(Source data begins)
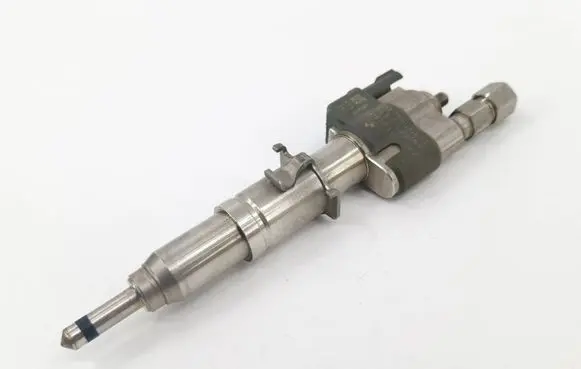 BMW 1 E81 E87 Fuel injector 7589048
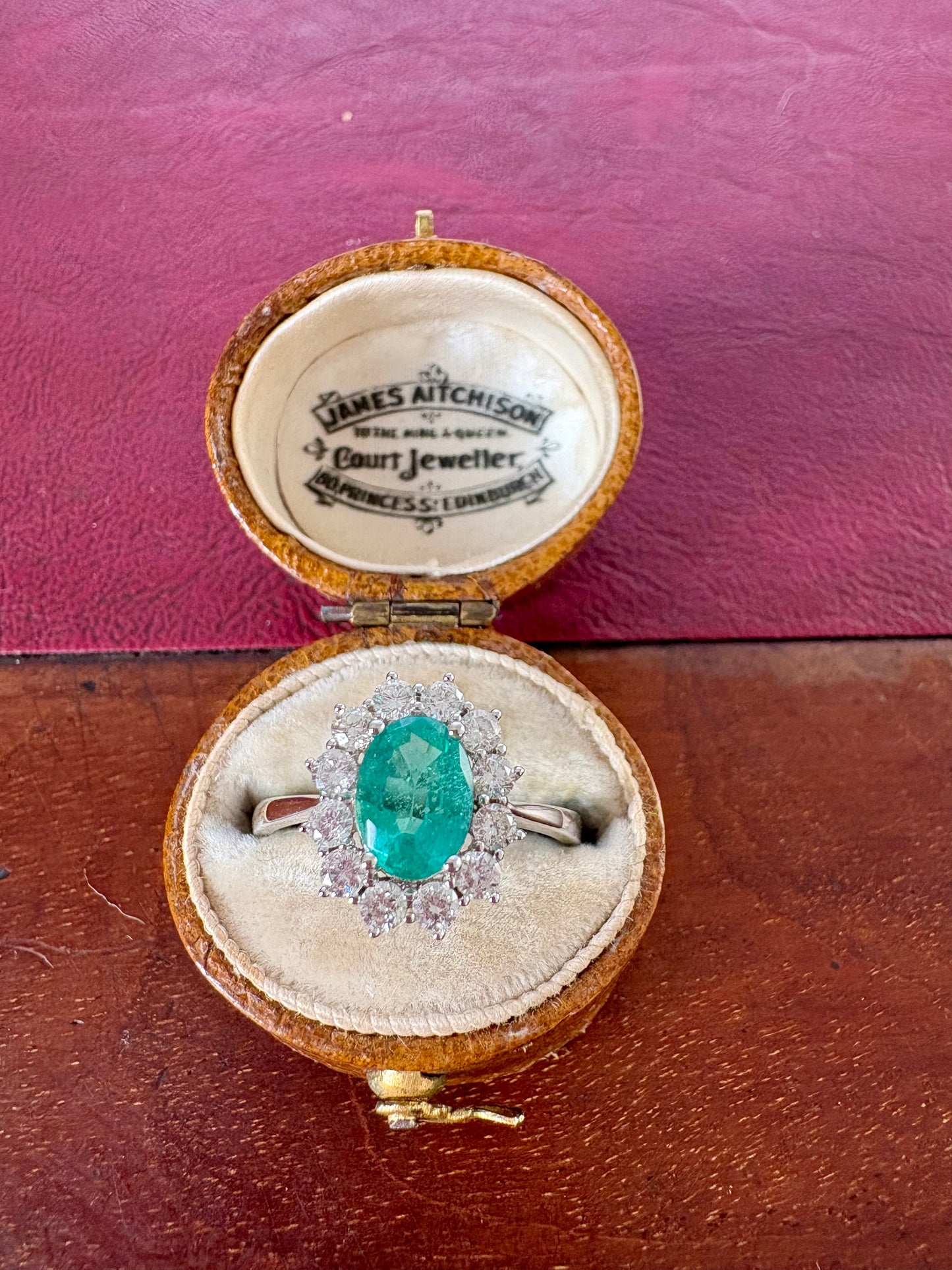 Wonderful 18ct Gold, Emerald and Diamond Cluster Ring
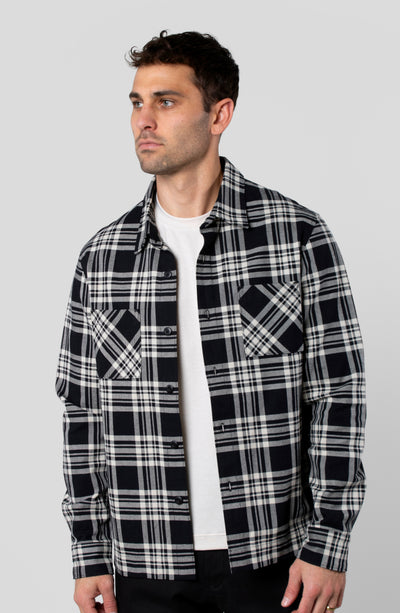 OUTLANDER BUTTON UP
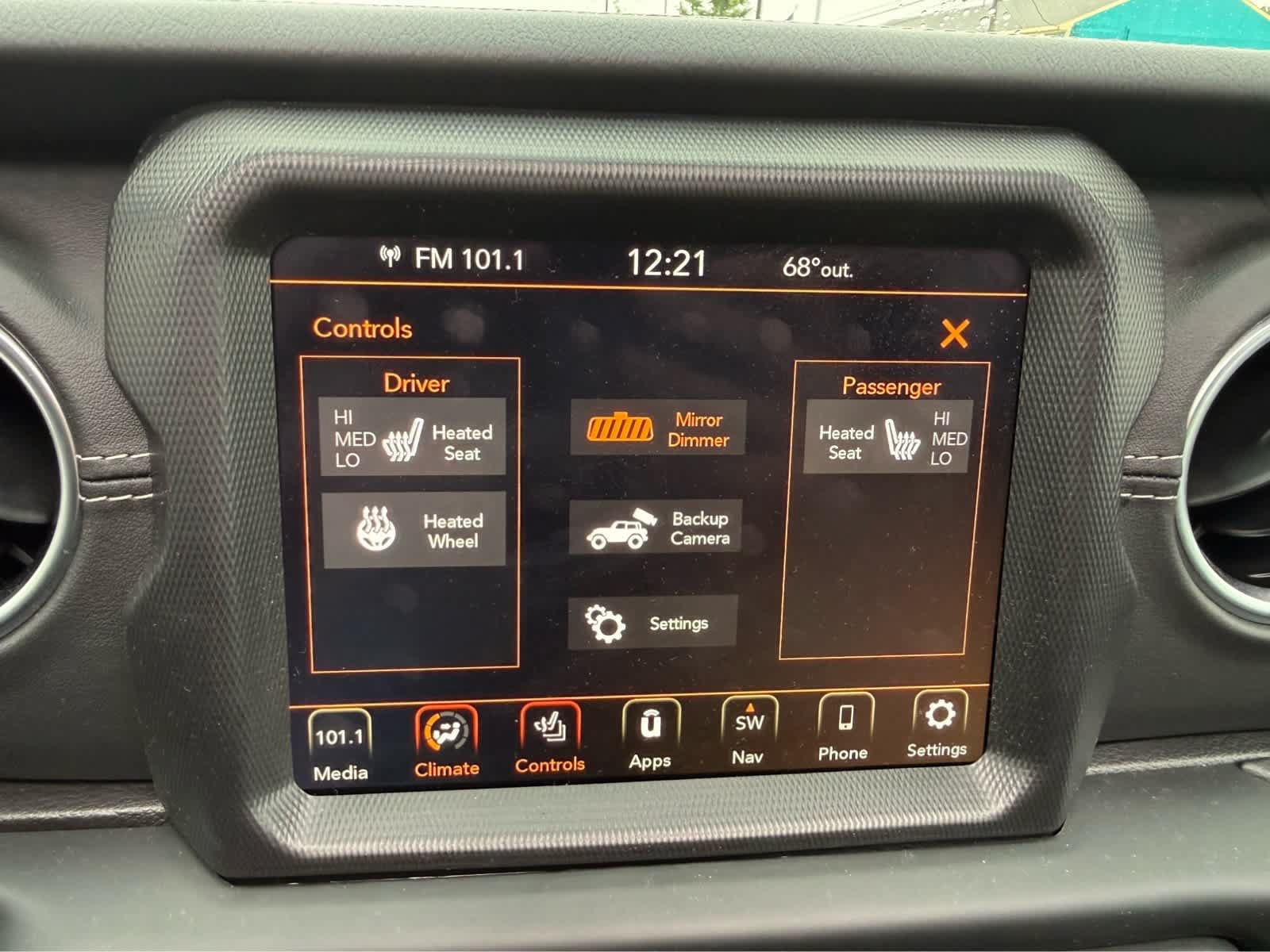 Used 2023 Jeep Wrangler Unlimited Sahara w/ Cold Weather Group AWD/4WD image 24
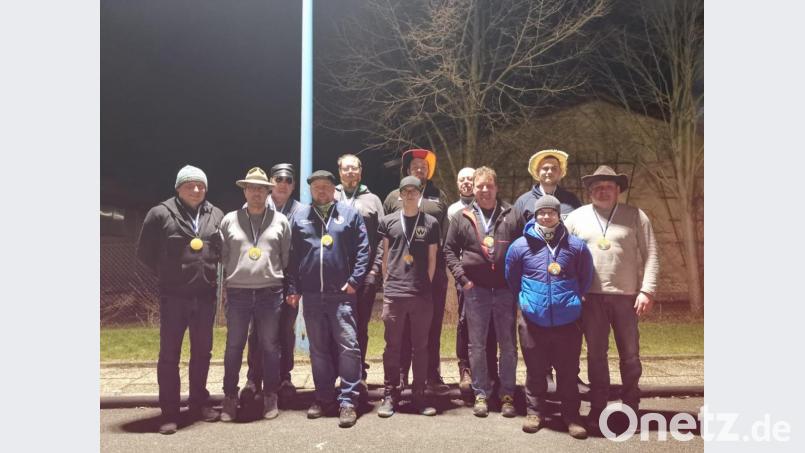 Fünf Mannschaften gingen beim Faschings-Hobbyturnier des Eisclub Konnersreuth an den Start. Sieger wurde die Mannschaft &quot;Schmidmoa&quot;. Bild: exb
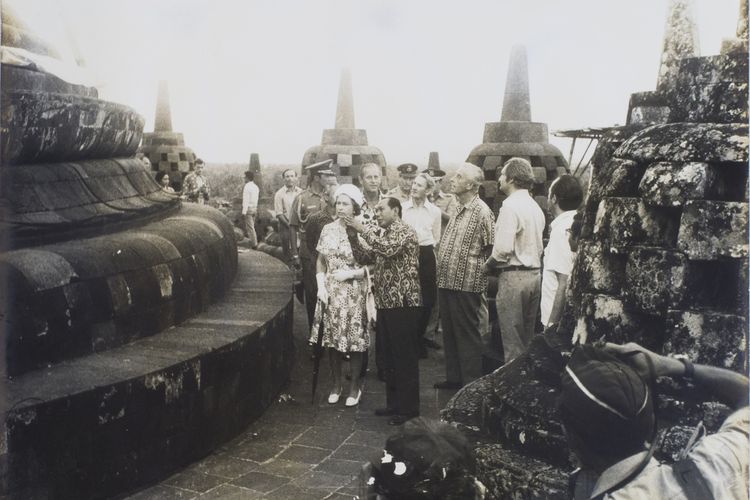 Ratu Elizabeth II pernah mengunjungi Candi Borobudur di Kabupaten Magelang, Jawa Tengah, pada tahun 1974 silam. Kala itu candi peninggalan Dinasti Syailendra abad ke-9 tersebut sedang dalam tahap pemugaran ke-2 sejak tahun 1973 sampai 1983.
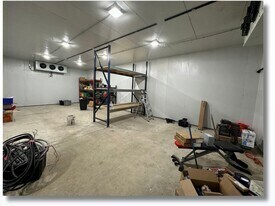 More Photos Of 2039-2041 Foster Ave, Wheeling Warehouse For Lease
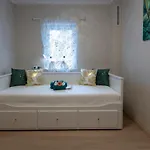 Emerald Aviatiei *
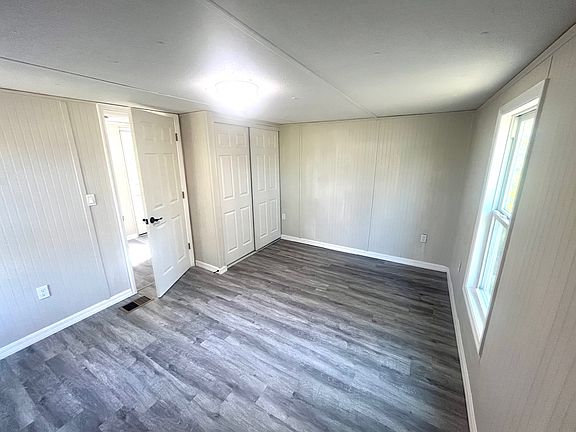 5th image of 2388 Case Ln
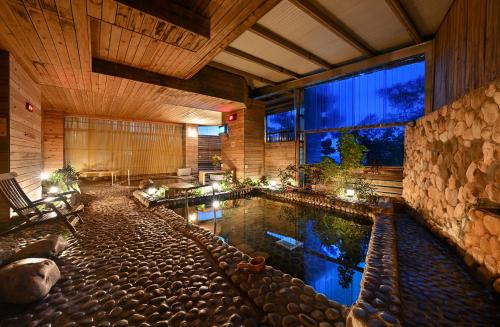 una piscina en una casa con una gran ventana en CT Green Bay Hot-Spring Hotel, en Wanli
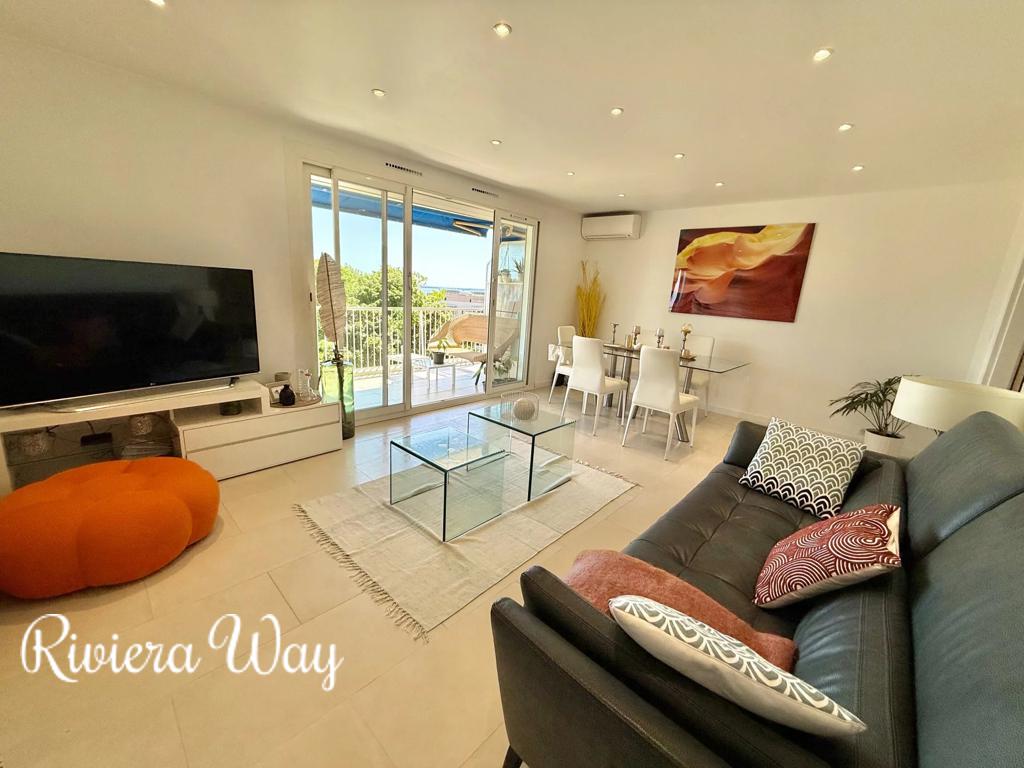 4 room apartment in Antibes, photo #7, listing #103061112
(Source data ends)
Assignment:
Restate word for word the lines running from the one with "Fünf Mannschaften gingen" to the end of the entries; pictures are to be left out.

Expected answer:
 Fünf Mannschaften gingen beim Faschings-Hobbyturnier des Eisclub Konnersreuth an den Start. Sieger wurde die Mannschaft &quot;Schmidmoa&quot;. Bild: exb
 Ratu Elizabeth II pernah mengunjungi Candi Borobudur di Kabupaten Magelang, Jawa Tengah, pada tahun 1974 silam. Kala itu candi peninggalan Dinasti Syailendra abad ke-9 tersebut sedang dalam tahap pemugaran ke-2 sejak tahun 1973 sampai 1983.
 More Photos Of 2039-2041 Foster Ave, Wheeling Warehouse For Lease
 Emerald Aviatiei *
 5th image of 2388 Case Ln
 una piscina en una casa con una gran ventana en CT Green Bay Hot-Spring Hotel, en Wanli
 4 room apartment in Antibes, photo #7, listing #103061112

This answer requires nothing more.